— Description of the task —
Give again, exactly as written, the lines of the records below from the line with "Next thing in" to the line with "He said he didn't". Both end lines count; pictures do not.

— Material shown —
************

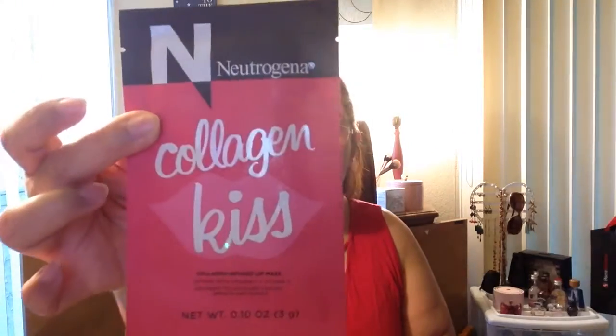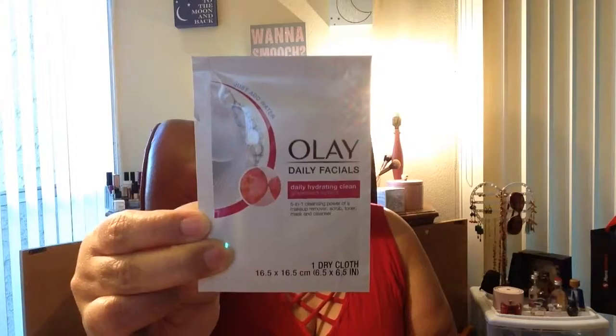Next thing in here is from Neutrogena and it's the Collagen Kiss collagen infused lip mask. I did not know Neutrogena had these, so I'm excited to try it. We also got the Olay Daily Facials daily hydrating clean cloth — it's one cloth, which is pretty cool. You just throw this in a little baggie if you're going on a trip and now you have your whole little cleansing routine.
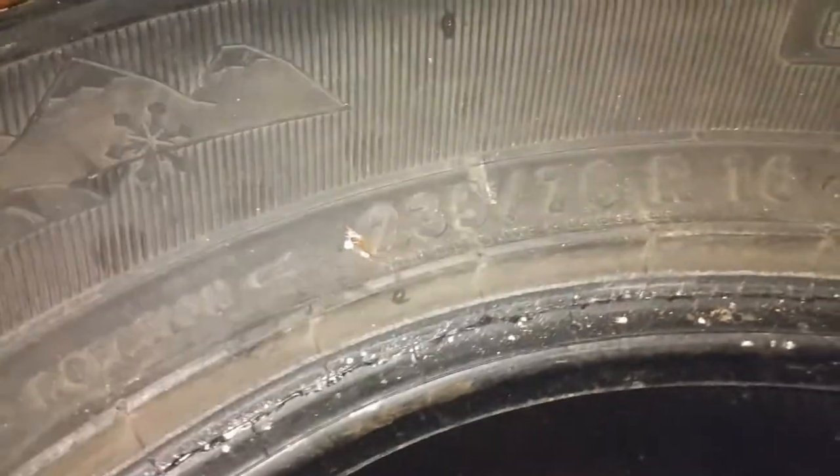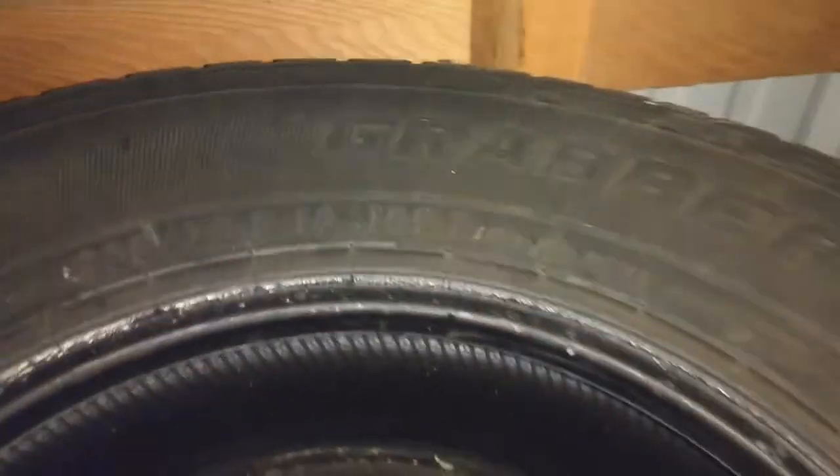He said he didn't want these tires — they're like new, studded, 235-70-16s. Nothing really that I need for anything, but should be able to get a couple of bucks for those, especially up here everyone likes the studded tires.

************

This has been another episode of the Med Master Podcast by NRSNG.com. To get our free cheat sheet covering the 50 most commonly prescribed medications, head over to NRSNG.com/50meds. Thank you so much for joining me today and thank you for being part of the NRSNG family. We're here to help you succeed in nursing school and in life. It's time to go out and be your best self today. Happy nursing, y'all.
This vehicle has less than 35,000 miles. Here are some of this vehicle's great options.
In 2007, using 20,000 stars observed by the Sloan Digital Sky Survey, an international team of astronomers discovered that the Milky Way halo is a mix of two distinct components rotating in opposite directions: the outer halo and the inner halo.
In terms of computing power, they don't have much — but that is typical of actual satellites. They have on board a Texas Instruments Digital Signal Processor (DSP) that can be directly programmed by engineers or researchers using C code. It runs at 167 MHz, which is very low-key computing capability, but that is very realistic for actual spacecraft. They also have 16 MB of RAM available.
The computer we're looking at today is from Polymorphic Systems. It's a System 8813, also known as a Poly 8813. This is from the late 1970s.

************

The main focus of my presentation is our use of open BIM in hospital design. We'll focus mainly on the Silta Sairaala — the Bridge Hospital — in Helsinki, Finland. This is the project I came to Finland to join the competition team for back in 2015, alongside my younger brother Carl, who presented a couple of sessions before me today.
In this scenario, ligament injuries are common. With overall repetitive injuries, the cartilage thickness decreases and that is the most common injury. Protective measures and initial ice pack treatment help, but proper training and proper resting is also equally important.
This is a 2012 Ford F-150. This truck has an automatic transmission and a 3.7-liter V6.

************

— Exercise solution —
Next thing in here is from Neutrogena and it's the Collagen Kiss collagen infused lip mask. I did not know Neutrogena had these, so I'm excited to try it. We also got the Olay Daily Facials daily hydrating clean cloth — it's one cloth, which is pretty cool. You just throw this in a little baggie if you're going on a trip and now you have your whole little cleansing routine.
He said he didn't want these tires — they're like new, studded, 235-70-16s. Nothing really that I need for anything, but should be able to get a couple of bucks for those, especially up here everyone likes the studded tires.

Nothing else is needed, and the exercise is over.